Performance and Unsplash Availability Update

We've been battling some major issues with the performance and reliability of the Unsplash API over the past month, which has resulted in slower responses, increased 500s, and at one point the need to take the API completely offline for thirty minutes — something we've never done in the 2 years that the Unsplash API has been running.

These problems have effected unsplash.com, our official applications like Unsplash Instant, and thousands of 3rd party applications.

Needless to say, there is no one more disappointed (and stressed) than our backend team. They take the API's uptime and performance extremely seriously, and they've been working tirelessly the past month to identify and overhaul problem areas in the API.

While we can't promise that these issues are completely resolved, I wanted to share what has happened so far and what we're doing about it.


At the core of it, we've had three challenges come to a head at the same time: new search, stats, and significantly increased traffic.

At the start of the summer, I gave the backend team a challenge to overhaul our search system to reduce the number of empty searches while increasing engagement and accuracy of the system.
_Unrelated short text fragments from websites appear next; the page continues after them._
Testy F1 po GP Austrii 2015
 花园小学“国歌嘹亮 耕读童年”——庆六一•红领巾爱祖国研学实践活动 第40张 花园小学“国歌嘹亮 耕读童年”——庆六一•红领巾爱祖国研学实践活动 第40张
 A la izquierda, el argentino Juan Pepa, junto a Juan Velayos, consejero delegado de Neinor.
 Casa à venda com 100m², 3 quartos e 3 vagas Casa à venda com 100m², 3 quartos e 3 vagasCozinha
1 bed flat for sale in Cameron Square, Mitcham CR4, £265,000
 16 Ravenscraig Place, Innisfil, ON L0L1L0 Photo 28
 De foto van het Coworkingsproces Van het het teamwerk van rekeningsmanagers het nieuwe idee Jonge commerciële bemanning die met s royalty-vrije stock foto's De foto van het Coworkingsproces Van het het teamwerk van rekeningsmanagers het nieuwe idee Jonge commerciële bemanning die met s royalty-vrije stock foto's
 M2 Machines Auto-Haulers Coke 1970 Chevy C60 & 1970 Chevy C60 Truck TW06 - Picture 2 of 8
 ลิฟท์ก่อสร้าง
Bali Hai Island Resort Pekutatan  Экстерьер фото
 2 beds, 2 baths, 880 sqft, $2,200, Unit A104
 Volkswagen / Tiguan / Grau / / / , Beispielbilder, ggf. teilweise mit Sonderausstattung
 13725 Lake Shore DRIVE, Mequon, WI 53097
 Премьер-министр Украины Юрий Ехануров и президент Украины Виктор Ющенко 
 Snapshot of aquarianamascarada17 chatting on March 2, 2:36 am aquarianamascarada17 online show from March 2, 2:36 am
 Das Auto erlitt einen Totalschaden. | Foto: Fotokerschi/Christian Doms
This became the overhauled search system, which we started rolling out mid-summer. While the new search itself is as performant as the previous version in theory, the number of results being returned heavily increased the stress on the overall system, specifically our Postgres store.

At the same time, our stats system began to show problems as a result of the increased stress. Stats are very heavy to compute and are constantly changing making our caches roll-over fairly often.

Bruno, one of our backend engineers, identified the problem by digging deeper into our caching strategy on the stats themselves. By calculating the stats in the request queue, we were crashing the system when repeated heavy calculations were being calculated on the fly for the same uncached endpoint. Essentially, we'd have multiple cache misses spike at once, and until the cache was written, all of the cache misses would be trying to make the same calculation. This would result in all requests queueing, clogging the system and affecting multiple other endpoints.

687474703a2f2f73686172652e656c63756572766f2e6e65742f53637265656e2d53686f742d323031372d30392d31342d31322d31352d35322e706e67.png

To fix this, we needed to move the stats calculations out of the request queue and only allow cache reads. The simple solution would be to calculate all stats using some sort of repeated CRON job, but the overall size of the stats store would dwarf our caches and result in heavy inefficiencies, as only a portion of the stats ever need to be read.

The solution we landed on was to create a new cache key and use the request queue to kick off a worker every time the key expired, but always reading from the cache for the stats. In practice, it looked something like:

# app/models/stats/photos.rb
def views
Rails.cache.fetch("photo/worker/#{@photo.id}/views", expires_in: 20.minutes) do
RefreshPhotoStatsJob.perform_later(@photo.id, :views)
end

from_cache(:views)
end

When we first introduced this, it resulted in some race conditions and heavy cache turnover, prompting dreaded zeroes to appear sporadically on stats.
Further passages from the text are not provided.